* **Your assignment**
An image-free, word-for-word version of the records below is to be returned.

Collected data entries
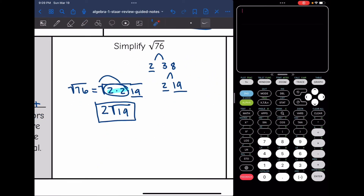Now I'm going to show you how to use your calculator to check that this answer is correct. You cannot use the calculator to get these answers, but you can use it to check your final answer. I type in the original problem — square root of 76 — and get that decimal. Then I type in 2 square root of 19 and make sure I get the same exact decimal, which I do. So I did it correctly.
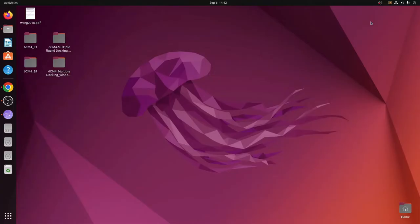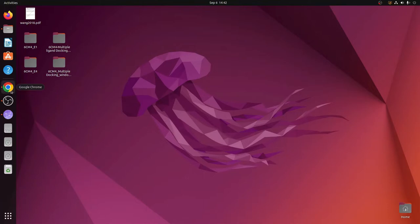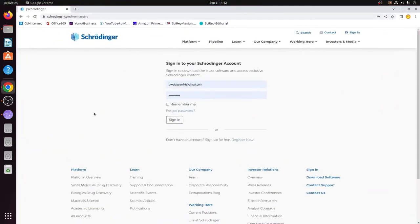Welcome to my another video. In this video I will explain how to properly and correctly install and then uninstall the Schrodinger free version of Maestro for academics. To do that, the first thing we need to do is to go to a web browser and in the address bar you just go to this address.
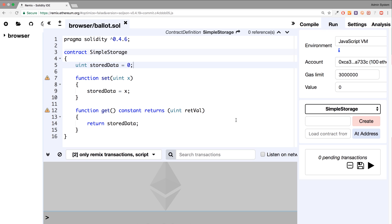Hello, in this Solidity programming tutorial we are going to cover enums. An enum is an enumerated type. It allows you to create your own data type and assign names to essentially integer values.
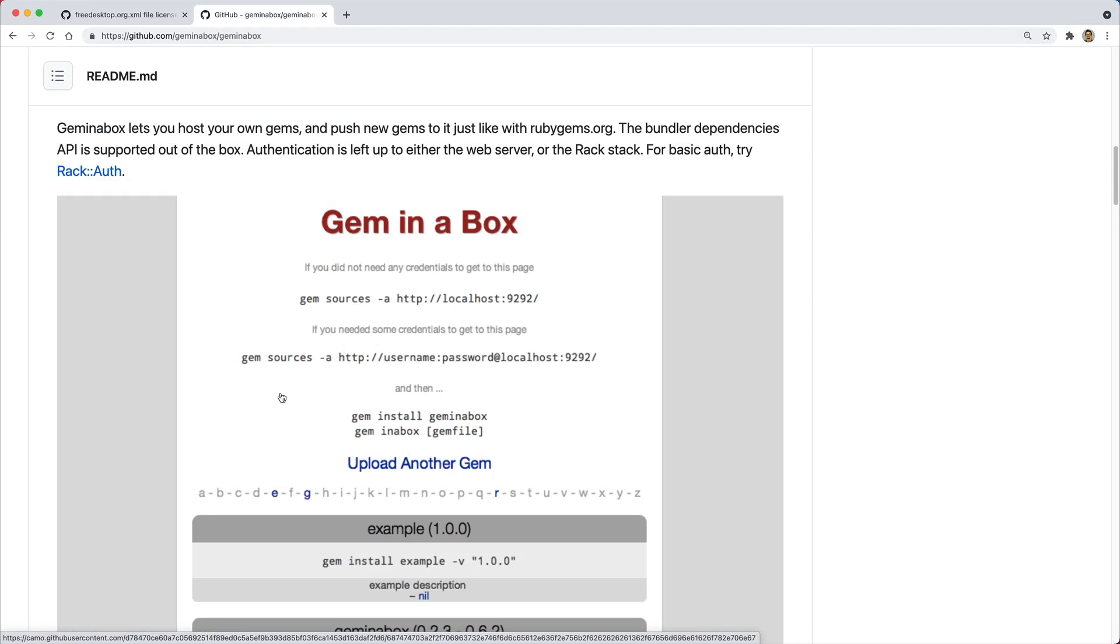Gem in a box is a Ruby gem that will allow you to proxy and cache gems that you receive from RubyGems.org. So in the event that a gem is yanked, you're still able to get access to that particular gem through your gem in a box instance.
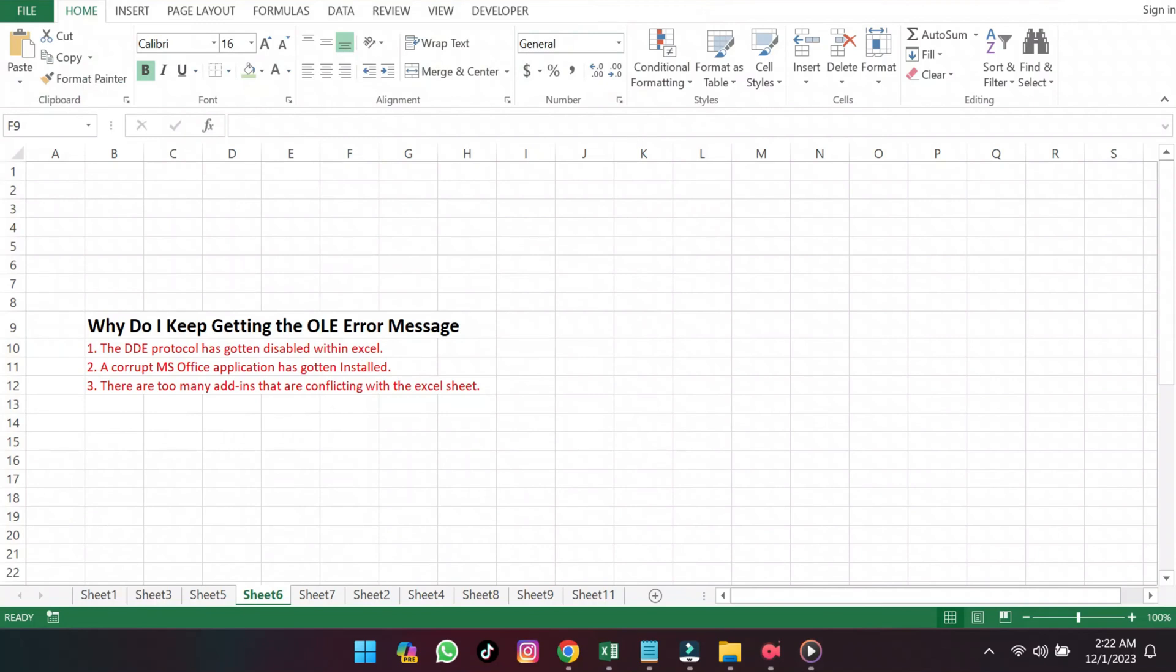Do you ever encounter a frustrating OLE Action Error message when you're working in a spreadsheet? Well, you're not alone. This is a really common error with a super simple fix. Let's dive into what this error message means and most importantly, what you can do about it.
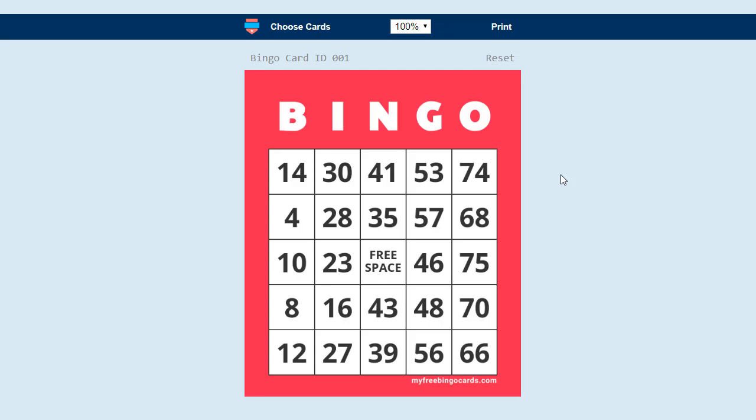Hi there, in this video I'm going to show you how to print your virtual bingo cards and talk you through the options available.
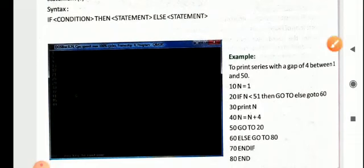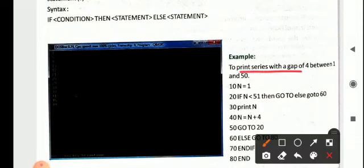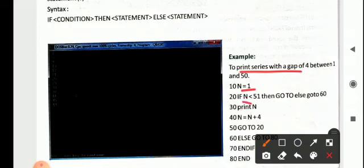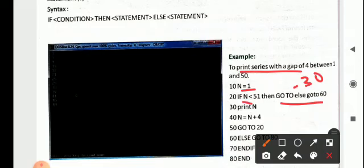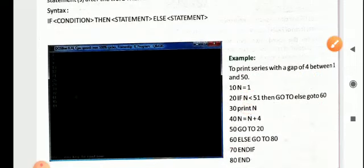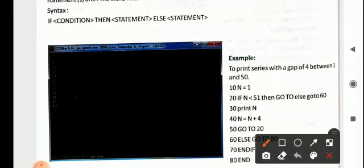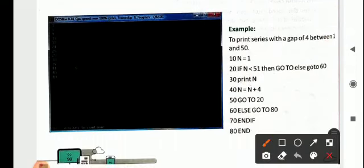To print a series with a gap of 4 between 1 and 50: n = 1 is set at line 10. At line 20, IF n < 51 THEN GOTO 30, ELSE GOTO 60. The GOTO statement is used to jump the control of your program to a specific line number. Here the line numbers are 10, 20, 30, 40, 50, 60, 70, 80. In QBasic, we need to provide line numbers.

* **Written answer**
Now I'm going to show you how to use your calculator to check that this answer is correct. You cannot use the calculator to get these answers, but you can use it to check your final answer. I type in the original problem — square root of 76 — and get that decimal. Then I type in 2 square root of 19 and make sure I get the same exact decimal, which I do. So I did it correctly.
Welcome to my another video. In this video I will explain how to properly and correctly install and then uninstall the Schrodinger free version of Maestro for academics. To do that, the first thing we need to do is to go to a web browser and in the address bar you just go to this address.
Hello, in this Solidity programming tutorial we are going to cover enums. An enum is an enumerated type. It allows you to create your own data type and assign names to essentially integer values.
Gem in a box is a Ruby gem that will allow you to proxy and cache gems that you receive from RubyGems.org. So in the event that a gem is yanked, you're still able to get access to that particular gem through your gem in a box instance.
Do you ever encounter a frustrating OLE Action Error message when you're working in a spreadsheet? Well, you're not alone. This is a really common error with a super simple fix. Let's dive into what this error message means and most importantly, what you can do about it.
Hi there, in this video I'm going to show you how to print your virtual bingo cards and talk you through the options available.
To print a series with a gap of 4 between 1 and 50: n = 1 is set at line 10. At line 20, IF n < 51 THEN GOTO 30, ELSE GOTO 60. The GOTO statement is used to jump the control of your program to a specific line number. Here the line numbers are 10, 20, 30, 40, 50, 60, 70, 80. In QBasic, we need to provide line numbers.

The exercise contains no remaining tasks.